The Pros and Cons of High-risk Credit Card Processing
Being labeled “high-risk” for credit card processing sounds like a bad thing, and in many cases, it is. But the situation isn’t as clear-cut as it may seem: for some merchants in certain verticals, the cost of being a high-risk merchant might be overshadowed by the potential benefits.
What is High-risk Credit Card Processing?
In order to accept credit card payments, a business must first obtain a merchant account with an acquiring bank. The cost for this service can vary dramatically based on multiple factors, most notably the type of business, the way transactions are performed, and the historic risk of loss.
Fees are naturally higher for high-risk ventures, and a specialized payment processor will usually be required. (For a thorough explanation of high-risk merchant accounts, check our knowledge base article.) Generally, processors avoid these “dangerous” merchants because of the perceived risks.
Of the multiple factors that make high-risk merchants a threat, the primary danger is the increased possibility of chargebacks. Certain elements—the type of product or service being sold, the average dollar amount for monthly sales, the countries the merchant sells to, and more—can drive the risk of chargebacks significantly higher, leaving banks and processors open to millions in potential losses.
High-risk status is a bank’s (or processor’s) defense against the cost of too many chargebacks, but ironically, too many chargebacks can actually cause a merchant to be considered high-risk. Merchants can be considered high-risk after losing a merchant account to excessive chargebacks and being added to the Terminated Merchant File. Some might even be considered high-risk simply because of the industry in which they operate.
Puttin’ on the Risk
For most businesses, being labeled “high-risk” brings nothing but trouble:
All processors work on the assumption that high-risk clients will unavoidably produce more chargebacks, so they impose prohibitive charges right from the start. High-risk merchants are liable to shell out $300 or more for the initial setup, then pay higher monthly fees plus double or more the normal processing fees.
Unless a business has significant earning potential, these excessive charges can put a high-risk merchant out of business, even without chargebacks.
Revenue-Stealing Rolling Reserves
High-risk payment processors commonly require their clients to have a merchant account reserve, a non-interest-bearing savings account used by the acquiring bank as a type of insurance: if a chargeback is filed against a business and the merchant isn’t able to reimburse the issuing bank from its regular account, the reserve will be tapped to cover the loss.
Merchant account reserves usually withhold 5-10% of monthly sales for about six months. Technically, the money in the reserve account still belongs to the merchant—it just can’t be accessed until 180 days have passed (assuming there are no fees owed). Restricted access to revenue, however, can cause major cash flow issues for merchants.
Increased Chargeback Fees
For each chargeback received, the merchant is charged a fee that covers the administrative costs of processing the chargeback.
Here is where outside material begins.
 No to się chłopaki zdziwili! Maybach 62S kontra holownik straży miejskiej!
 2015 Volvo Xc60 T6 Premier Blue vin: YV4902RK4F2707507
A high-risk payment processor, however, will have considerably higher fees for each individual instance. And if a merchant already in a high-risk business receives excessive chargebacks, the costs go up even more.
Since high-risk businesses are, by definition, in greater danger of sustaining chargebacks, these extra fees present a type of “double jeopardy” that costs merchants even more.
Potential Pluses of High-risk Credit Card Processing
We’ve seen how the “high-risk merchant” label hurts merchants, but is there an upside? It may be hard to believe that there are actual benefits that cause some businesses to seek out high-risk credit card processers.
To thrive in an increasing global economy, many merchants—particularly those in eCommerce—discover that the pros of using a high-risk payment processor outweigh the cons of higher processing fees.
Normal or low-risk processors impose limits on card transactions that can impede online growth. For example, processors restrain or prohibit low-risk merchants from:
- Dealing primarily in card-not-present transactions
- Transacting in multiple currencies
- Selling to clients in countries outside US, Canada, Western or Northern Europe, Japan, or Australia
The earning potential of eCommerce sales alone can make high-risk merchant accounts seem appealing; add in the prospects of selling to more places—and in multiple currencies—and the revenue opportunities might just balance out the risks.
Unlimited Earning Potential
Processors also limit the type and amount of revenue low-risk merchants generate via credit cards. For example, low risk merchants can’t:
- Offer recurring payments
- Process more than $20,000 per month
- Accept credit card transactions in excess of $500 each
- Sell certain products or services
But a recurring payments (subscription) model can become a sustainable source of long-term growth. In fact, many merchants rely on the steady stream of income that installment billing and recurring payments can create, and consider it worth the expense of using a high-risk processor. The same is true of merchants who seek the potential profits of big-ticket transactions.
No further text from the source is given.